In [None]:
#Using Machine Learning to Predict Amazon Reviews
Data retrieved from: https://jmcauley.ucsd.edu/data/amazon/

# 1. Data Preprocessing

In [None]:
%pip install nltk
%pip install mlflow
%pip install yellowbrick

In [None]:
# "dbfs:/FileStore/shared_uploads/braden.thompson1@ucalgary.ca/Appliances_5-1.json"
df = spark.read.format("json").load("")
#df = df.sample(0.005)

In [None]:
cols_to_drop = ('asin', 'image', 'reviewTime', 'reviewerID', 'reviewerName', 'style', 'summary', 'unixReviewTime', 'verified', 'vote')
df = df.drop(*cols_to_drop)
df = df.dropna()
df.show(10)

# Converting Ratings to Sentiment

If a review is 4 or greater, it will recieve a score of 1. Otherwise, it will recieve a score of 0.

In [None]:
from pyspark.sql.types import *

def ratingToSentiment(rating):
    if rating < 4:
        return 0
    return 1

rating = udf(lambda x: ratingToSentiment(x))
label = df.select('overall', 'reviewText', rating('overall'))
sentimentLabels = label.withColumnRenamed('(overall)', 'sentiment')
sentimentLabels.show(10)

# Simplify Ratings

This will change the ratings to lower case and remove the punctuation from it.

In [None]:
from pyspark.sql.functions import lower, regexp_replace, trim
from pyspark.sql.functions import col

def simplifyRating(rating):
    result = lower(rating)
    return trim(regexp_replace(result,'\p{Punct}',''))

simplifyRatingDf = label.select(label.overall, simplifyRating(label.reviewText).alias('simplifiedText'), label.sentiment)
simplifyRatingDf.show(10)

# Send Text to Vector

This will send the text to a vector to allow it to more easily be viewed.

In [None]:
from pyspark.ml.feature import Tokenizer

tokenizer = Tokenizer(inputCol='simplifiedText', outputCol='vectorizedText')
vectorizedDf = tokenizer.transform(simplifyRatingDf).select('overall', 'vectorizedText', 'sentiment')


vectorizedDf.show(10)

# Remove the Stop Words

In [None]:
from pyspark.ml.feature import StopWordsRemover
remover = StopWordsRemover(inputCol='vectorizedText', outputCol='vectorizedTextWithoutStopWords')
vectorizedTextWithoutStopWordsDf = remover.transform(vectorizedDf).select('overall', 'vectorizedTextWithoutStopWords', 'sentiment')
vectorizedTextWithoutStopWordsDf.show(10)

# Stem Text

In [None]:
from nltk.stem.porter import *

stemmer = PorterStemmer()
def stemText(text):
    result = []
    for word in text:
        stemmedText = stemmer.stem(word)
        result.append(stemmedText)
    return result

stemmerUdf = udf(lambda x: stemText(x), ArrayType(StringType()))
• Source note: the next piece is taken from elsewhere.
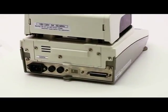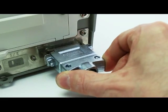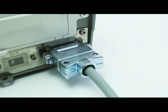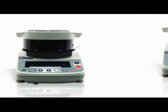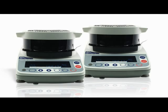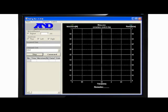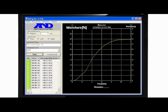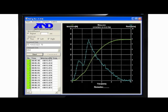Computer control and data export are easy with built-in RS-232. With the MS-70 and MX-50 you also get A&D's WinCT moisture software which displays both moisture and moisture rate changes over time.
stemmedDf = (vectorizedTextWithoutStopWordsDf.withColumn('stemmedText', stemmerUdf('vectorizedTextWithoutStopWords')).select('overall', 'stemmedText', 'sentiment'))
stemmedDf.show(10)
     

# Create the IDF Model

This will create the IDF and get the input ready to be read by rest of the code.

In [None]:
from pyspark.ml.feature import CountVectorizer
from pyspark.ml.feature import IDF

cv = CountVectorizer(inputCol='stemmedText', outputCol='countVectorized')
cvModel = cv.fit(stemmedDf)
cvTransformedDf = cvModel.transform(stemmedDf)

idf = IDF()
idf.setInputCol('countVectorized')
idf.setOutputCol('idf')
tfIdfModel = idf.fit(cv_transformed_df)
tfIdfDf = tfIdfModel.transform(cv_transformed_df)
tfIdfColumnDf = tfIdfDf.withColumn("sentiment",col("sentiment").cast("int"))
tfIdfColumnDf.show(10)

# 2.Rating Analysis & Prediction

In [None]:
data = tfIdfColumnDf.select('idf', 'overall').withColumnRenamed("idf", "features").withColumnRenamed("overall", "label")
(train, test) = data.randomSplit([0.80, 0.20], seed=69)

# Prepare Evaluation

In [None]:
#Set up performance evaluators
from pyspark.ml.evaluation import MulticlassClassificationEvaluator

accuracyEvaluator = MulticlassClassificationEvaluator(metricName="accuracy")
f1Evaluator = MulticlassClassificationEvaluator(metricName="f1")
recallEvaluator = MulticlassClassificationEvaluator(metricName="weightedRecall")
precisionEvaluator = MulticlassClassificationEvaluator(metricName="weightedPrecision")

accuracyResults = {}
f1Results = {}
recallResults = {}
precisionResults = {}

In [None]:
#Set up parameters
from pyspark.ml.tuning import ParamGridBuilder, TrainValidationSplit
from pyspark.ml.classification import LogisticRegression, DecisionTreeClassifier, RandomForestClassifier, LinearSVC, NaiveBayes

lr = LogisticRegression(featuresCol="features", labelCol="label", regParam=1.0)
dt = DecisionTreeClassifier(featuresCol="features", labelCol="label")
rf = RandomForestClassifier(featuresCol="features", labelCol="label", numTrees=10)
nb = NaiveBayes(featuresCol="features", labelCol="label", smoothing=1.0, modelType="multinomial")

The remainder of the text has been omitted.